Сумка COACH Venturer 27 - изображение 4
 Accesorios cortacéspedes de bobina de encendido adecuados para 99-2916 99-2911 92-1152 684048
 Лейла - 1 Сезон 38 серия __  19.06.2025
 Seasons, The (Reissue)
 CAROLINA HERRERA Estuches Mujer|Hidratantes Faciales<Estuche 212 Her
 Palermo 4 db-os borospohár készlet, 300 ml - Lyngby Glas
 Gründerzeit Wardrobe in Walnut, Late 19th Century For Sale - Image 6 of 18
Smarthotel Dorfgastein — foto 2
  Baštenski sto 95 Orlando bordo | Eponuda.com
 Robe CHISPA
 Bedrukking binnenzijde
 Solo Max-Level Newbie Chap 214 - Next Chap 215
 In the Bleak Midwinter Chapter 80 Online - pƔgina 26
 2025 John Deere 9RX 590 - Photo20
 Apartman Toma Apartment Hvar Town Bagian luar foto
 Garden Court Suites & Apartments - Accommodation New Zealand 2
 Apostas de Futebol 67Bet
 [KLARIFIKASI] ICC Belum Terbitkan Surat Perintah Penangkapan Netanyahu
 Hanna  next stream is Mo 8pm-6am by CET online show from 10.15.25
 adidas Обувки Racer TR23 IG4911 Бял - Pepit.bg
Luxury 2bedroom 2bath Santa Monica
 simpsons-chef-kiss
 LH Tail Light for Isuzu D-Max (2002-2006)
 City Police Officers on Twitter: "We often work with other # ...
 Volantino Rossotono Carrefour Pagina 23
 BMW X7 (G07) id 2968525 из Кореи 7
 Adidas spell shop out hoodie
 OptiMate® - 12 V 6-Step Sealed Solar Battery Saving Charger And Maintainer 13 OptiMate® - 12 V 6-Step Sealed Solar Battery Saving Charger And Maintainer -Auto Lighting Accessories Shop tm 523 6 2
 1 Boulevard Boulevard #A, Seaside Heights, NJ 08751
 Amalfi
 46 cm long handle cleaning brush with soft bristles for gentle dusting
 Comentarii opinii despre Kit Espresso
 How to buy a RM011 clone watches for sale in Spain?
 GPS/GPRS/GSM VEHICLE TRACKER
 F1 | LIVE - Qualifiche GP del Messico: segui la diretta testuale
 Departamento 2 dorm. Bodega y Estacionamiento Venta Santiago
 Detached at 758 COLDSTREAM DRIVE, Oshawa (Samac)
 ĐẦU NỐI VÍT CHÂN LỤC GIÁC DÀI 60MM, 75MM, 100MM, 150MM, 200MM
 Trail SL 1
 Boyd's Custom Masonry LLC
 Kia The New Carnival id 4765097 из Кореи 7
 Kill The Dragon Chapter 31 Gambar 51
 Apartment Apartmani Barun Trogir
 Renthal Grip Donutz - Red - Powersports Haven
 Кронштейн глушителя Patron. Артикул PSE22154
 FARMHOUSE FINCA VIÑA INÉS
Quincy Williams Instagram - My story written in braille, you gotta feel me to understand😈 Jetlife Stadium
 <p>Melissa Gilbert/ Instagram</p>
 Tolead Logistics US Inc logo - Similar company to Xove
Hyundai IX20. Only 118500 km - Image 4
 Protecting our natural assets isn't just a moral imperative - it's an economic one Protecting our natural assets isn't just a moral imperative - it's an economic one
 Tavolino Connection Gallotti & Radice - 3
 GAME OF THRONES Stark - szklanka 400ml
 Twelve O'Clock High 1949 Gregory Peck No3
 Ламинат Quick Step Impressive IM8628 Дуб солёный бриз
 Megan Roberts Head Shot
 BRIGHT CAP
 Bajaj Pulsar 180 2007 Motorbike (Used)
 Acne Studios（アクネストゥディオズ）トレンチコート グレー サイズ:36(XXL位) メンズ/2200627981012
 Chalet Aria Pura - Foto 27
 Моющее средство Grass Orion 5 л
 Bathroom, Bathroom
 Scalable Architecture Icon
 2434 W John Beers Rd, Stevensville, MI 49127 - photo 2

▶ [Exercise objective]: The full listing must be retyped precisely, with no line left out.

▶ [Result below]:
Сумка COACH Venturer 27 - изображение 4
 Accesorios cortacéspedes de bobina de encendido adecuados para 99-2916 99-2911 92-1152 684048
 Лейла - 1 Сезон 38 серия __  19.06.2025
 Seasons, The (Reissue)
 CAROLINA HERRERA Estuches Mujer|Hidratantes Faciales<Estuche 212 Her
 Palermo 4 db-os borospohár készlet, 300 ml - Lyngby Glas
 Gründerzeit Wardrobe in Walnut, Late 19th Century For Sale - Image 6 of 18
Smarthotel Dorfgastein — foto 2
  Baštenski sto 95 Orlando bordo | Eponuda.com
 Robe CHISPA
 Bedrukking binnenzijde
 Solo Max-Level Newbie Chap 214 - Next Chap 215
 In the Bleak Midwinter Chapter 80 Online - pƔgina 26
 2025 John Deere 9RX 590 - Photo20
 Apartman Toma Apartment Hvar Town Bagian luar foto
 Garden Court Suites & Apartments - Accommodation New Zealand 2
 Apostas de Futebol 67Bet
 [KLARIFIKASI] ICC Belum Terbitkan Surat Perintah Penangkapan Netanyahu
 Hanna  next stream is Mo 8pm-6am by CET online show from 10.15.25
 adidas Обувки Racer TR23 IG4911 Бял - Pepit.bg
Luxury 2bedroom 2bath Santa Monica
 simpsons-chef-kiss
 LH Tail Light for Isuzu D-Max (2002-2006)
 City Police Officers on Twitter: "We often work with other # ...
 Volantino Rossotono Carrefour Pagina 23
 BMW X7 (G07) id 2968525 из Кореи 7
 Adidas spell shop out hoodie
 OptiMate® - 12 V 6-Step Sealed Solar Battery Saving Charger And Maintainer 13 OptiMate® - 12 V 6-Step Sealed Solar Battery Saving Charger And Maintainer -Auto Lighting Accessories Shop tm 523 6 2
 1 Boulevard Boulevard #A, Seaside Heights, NJ 08751
 Amalfi
 46 cm long handle cleaning brush with soft bristles for gentle dusting
 Comentarii opinii despre Kit Espresso
 How to buy a RM011 clone watches for sale in Spain?
 GPS/GPRS/GSM VEHICLE TRACKER
 F1 | LIVE - Qualifiche GP del Messico: segui la diretta testuale
 Departamento 2 dorm. Bodega y Estacionamiento Venta Santiago
 Detached at 758 COLDSTREAM DRIVE, Oshawa (Samac)
 ĐẦU NỐI VÍT CHÂN LỤC GIÁC DÀI 60MM, 75MM, 100MM, 150MM, 200MM
 Trail SL 1
 Boyd's Custom Masonry LLC
 Kia The New Carnival id 4765097 из Кореи 7
 Kill The Dragon Chapter 31 Gambar 51
 Apartment Apartmani Barun Trogir
 Renthal Grip Donutz - Red - Powersports Haven
 Кронштейн глушителя Patron. Артикул PSE22154
 FARMHOUSE FINCA VIÑA INÉS
Quincy Williams Instagram - My story written in braille, you gotta feel me to understand😈 Jetlife Stadium
 <p>Melissa Gilbert/ Instagram</p>
 Tolead Logistics US Inc logo - Similar company to Xove
Hyundai IX20. Only 118500 km - Image 4
 Protecting our natural assets isn't just a moral imperative - it's an economic one Protecting our natural assets isn't just a moral imperative - it's an economic one
 Tavolino Connection Gallotti & Radice - 3
 GAME OF THRONES Stark - szklanka 400ml
 Twelve O'Clock High 1949 Gregory Peck No3
 Ламинат Quick Step Impressive IM8628 Дуб солёный бриз
 Megan Roberts Head Shot
 BRIGHT CAP
 Bajaj Pulsar 180 2007 Motorbike (Used)
 Acne Studios（アクネストゥディオズ）トレンチコート グレー サイズ:36(XXL位) メンズ/2200627981012
 Chalet Aria Pura - Foto 27
 Моющее средство Grass Orion 5 л
 Bathroom, Bathroom
 Scalable Architecture Icon
 2434 W John Beers Rd, Stevensville, MI 49127 - photo 2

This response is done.